> _DESCRIPTION OF THE TASK_
Include the line containing "Denizcilik ve Kabotaj" and every line after it up to the end of the material below; reproduce them exactly and drop the pictures.
---- THE RECORDS
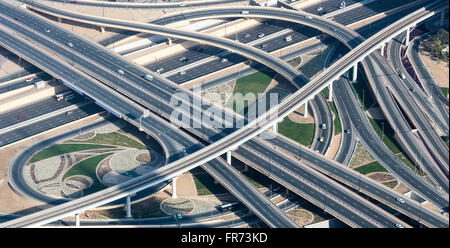 Autobahnen, Rampen und s-Bahn-Gleise in Dubai, VAE. Fotografiert vom Burj Khalifa Aussichtsplattform. Stockfoto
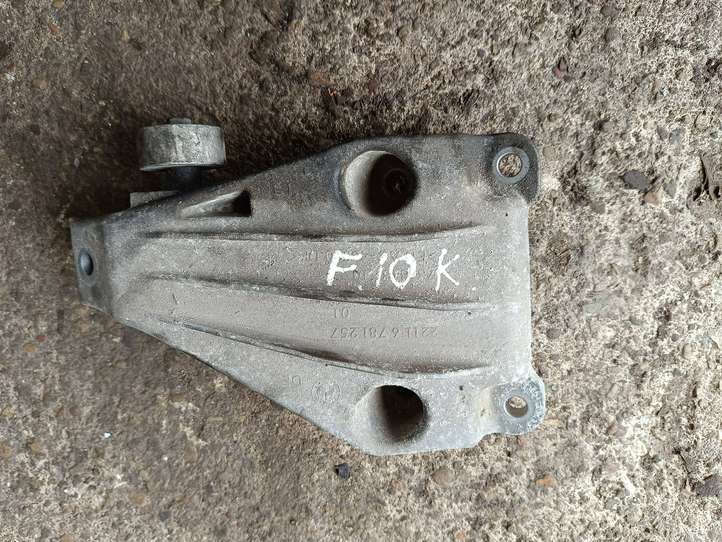 BMW 5 F10 F11 (2009 - 2016)  6781257 Кронштейн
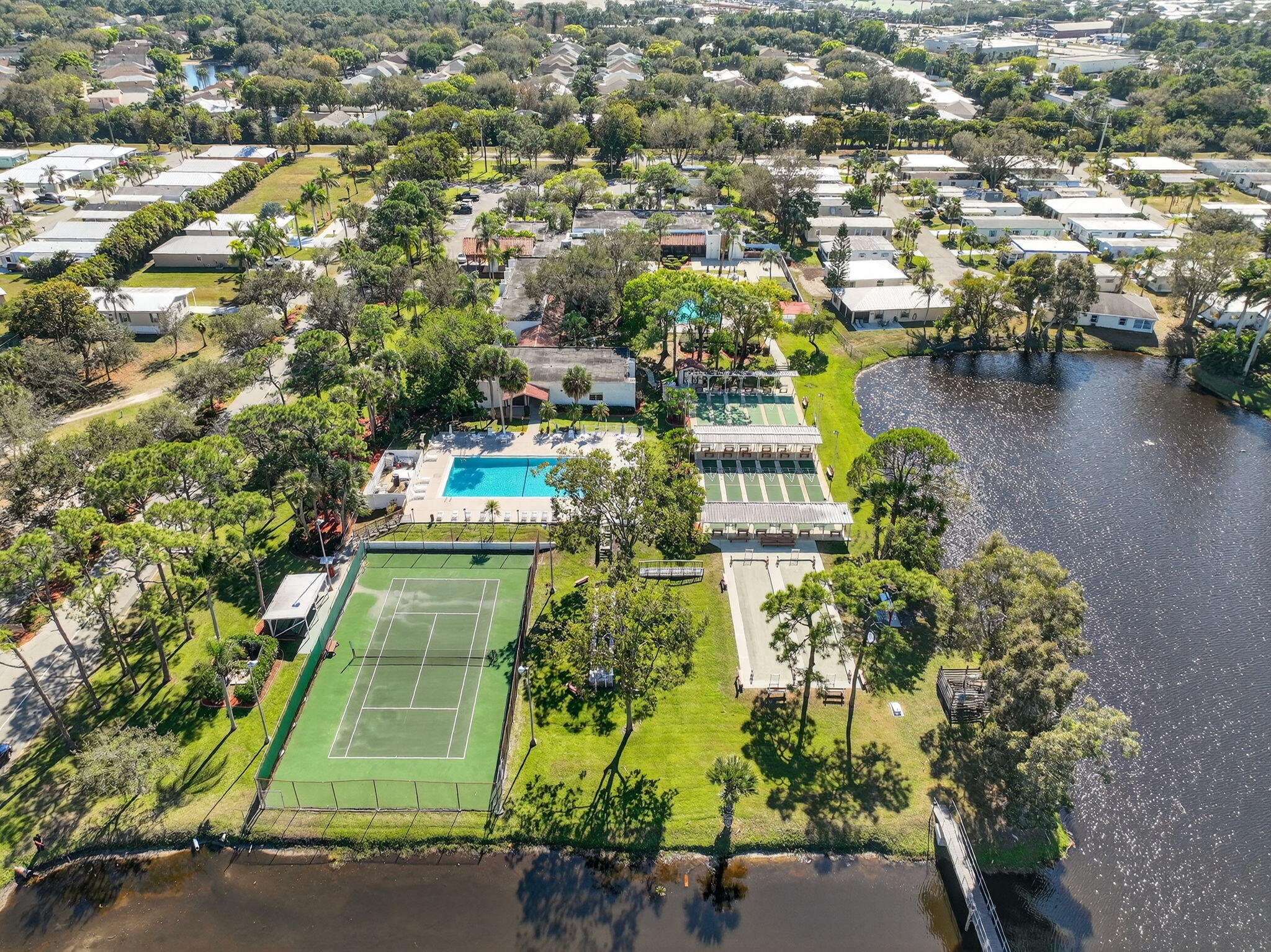 SPANISH LAKES ONE LEASEHOLD ESTATES - Residential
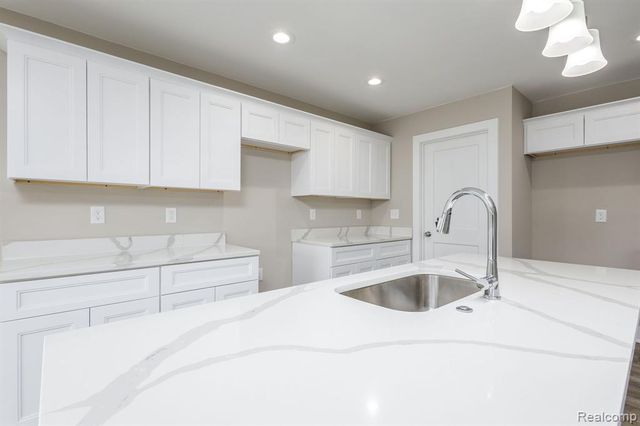 2339 Clifden, Davison, MI 48423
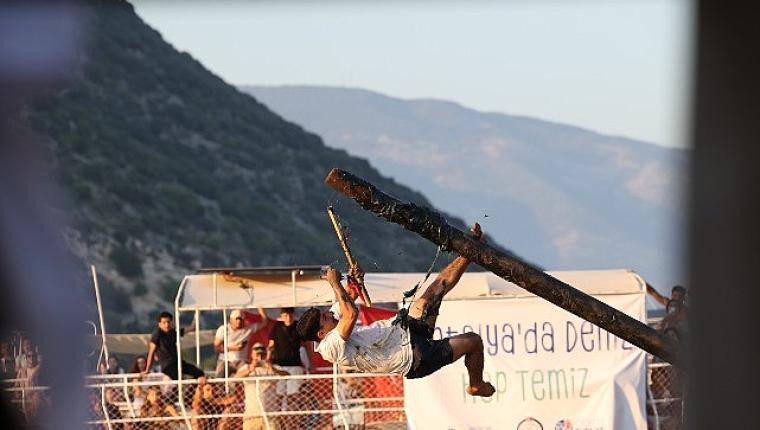 Denizcilik ve Kabotaj Bayramı'nın 100. yılı Antalya'da coşkuyla kutlandı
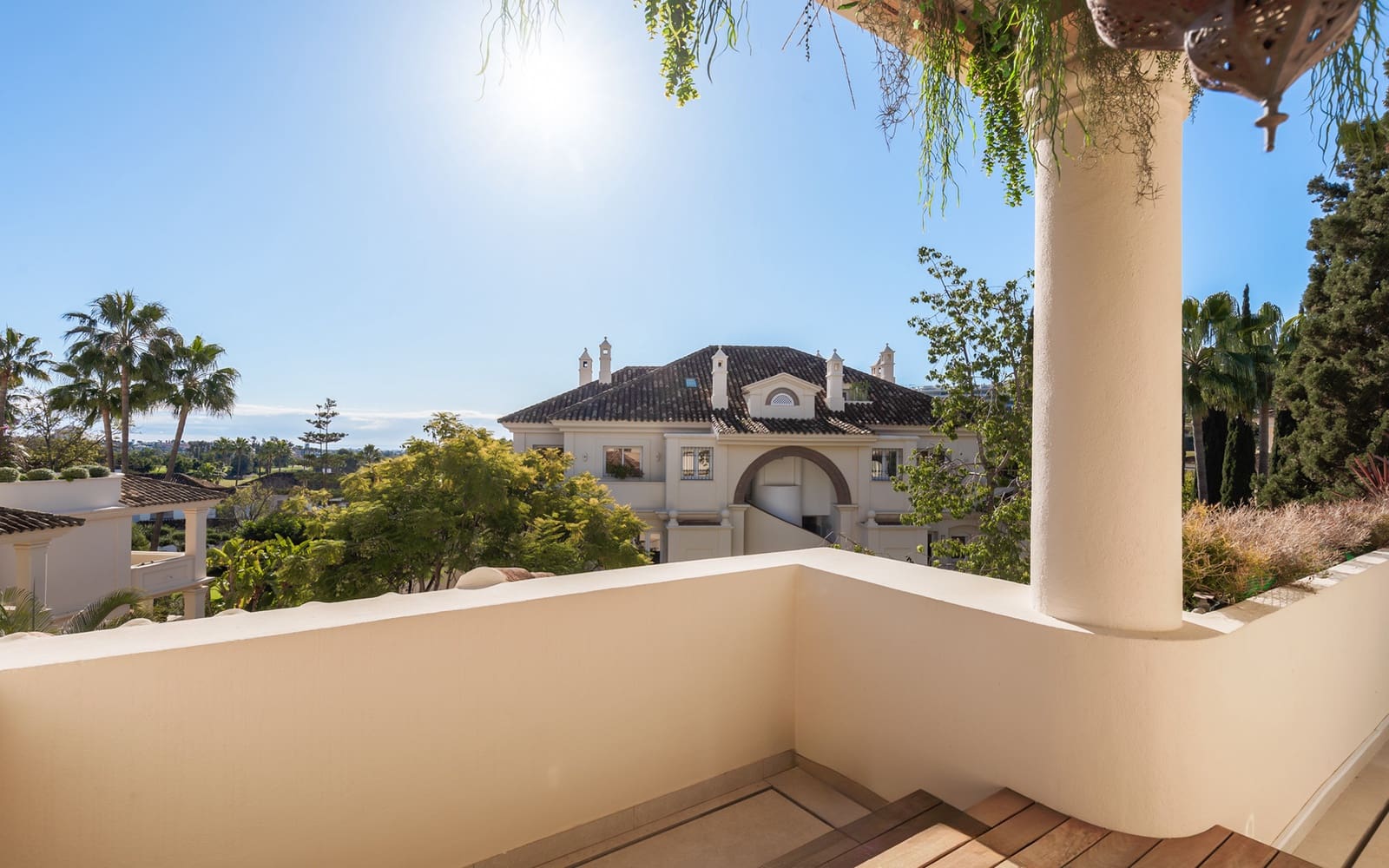 3 chambre Penthouse à vendre à Marbella avec piscine garage - 3 950 000 € (Ref: 9848824)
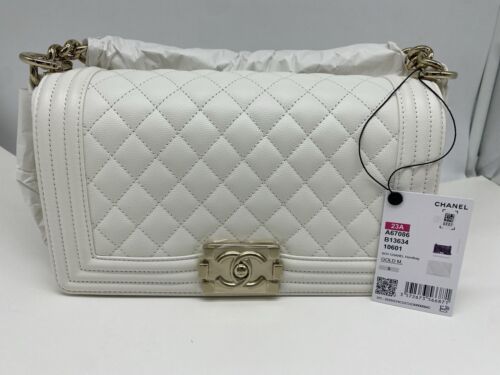 CHANEL BOY QUILTED HANDBAG. GRAINED WHITE CALFSKIN & GOLD-TONE METAL. # A67086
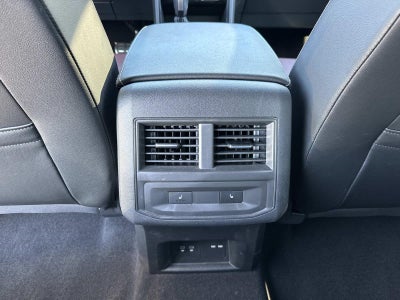 2022 Volkswagen Atlas Cross Sport 3.6L V6 SEL Premium R-Line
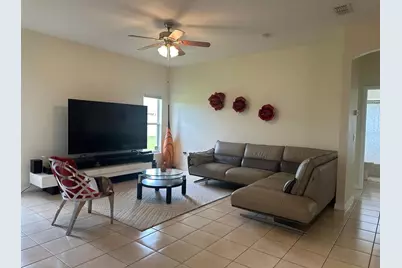 4002 Bougainvillea Place, Kissimmee, FL 34746 - Photo 13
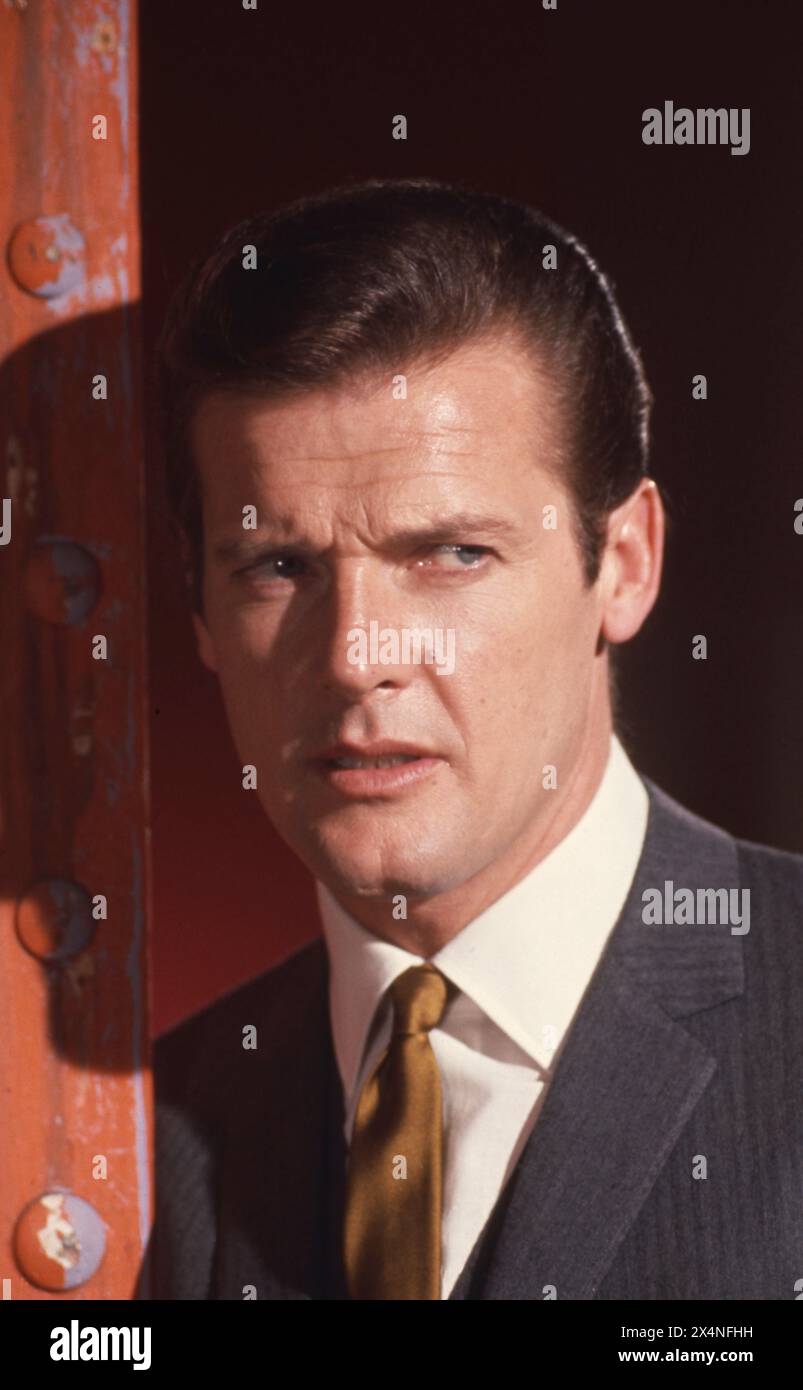 Mid 1960s Publicity Portrait of ROGER MOORE as Simon Templar in THE SAINT TV Series Based on the novels by LESLIE CHARTERIS Music EDWIN ASTLEY  Producer ROBERT S. BAKER Bamore / Incorporated Television Company (ITC) Stock Photo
--------
> _EXERCISE RESPONSE_
 Denizcilik ve Kabotaj Bayramı'nın 100. yılı Antalya'da coşkuyla kutlandı
 3 chambre Penthouse à vendre à Marbella avec piscine garage - 3 950 000 € (Ref: 9848824)
 CHANEL BOY QUILTED HANDBAG. GRAINED WHITE CALFSKIN & GOLD-TONE METAL. # A67086
 2022 Volkswagen Atlas Cross Sport 3.6L V6 SEL Premium R-Line
 4002 Bougainvillea Place, Kissimmee, FL 34746 - Photo 13
 Mid 1960s Publicity Portrait of ROGER MOORE as Simon Templar in THE SAINT TV Series Based on the novels by LESLIE CHARTERIS Music EDWIN ASTLEY  Producer ROBERT S. BAKER Bamore / Incorporated Television Company (ITC) Stock Photo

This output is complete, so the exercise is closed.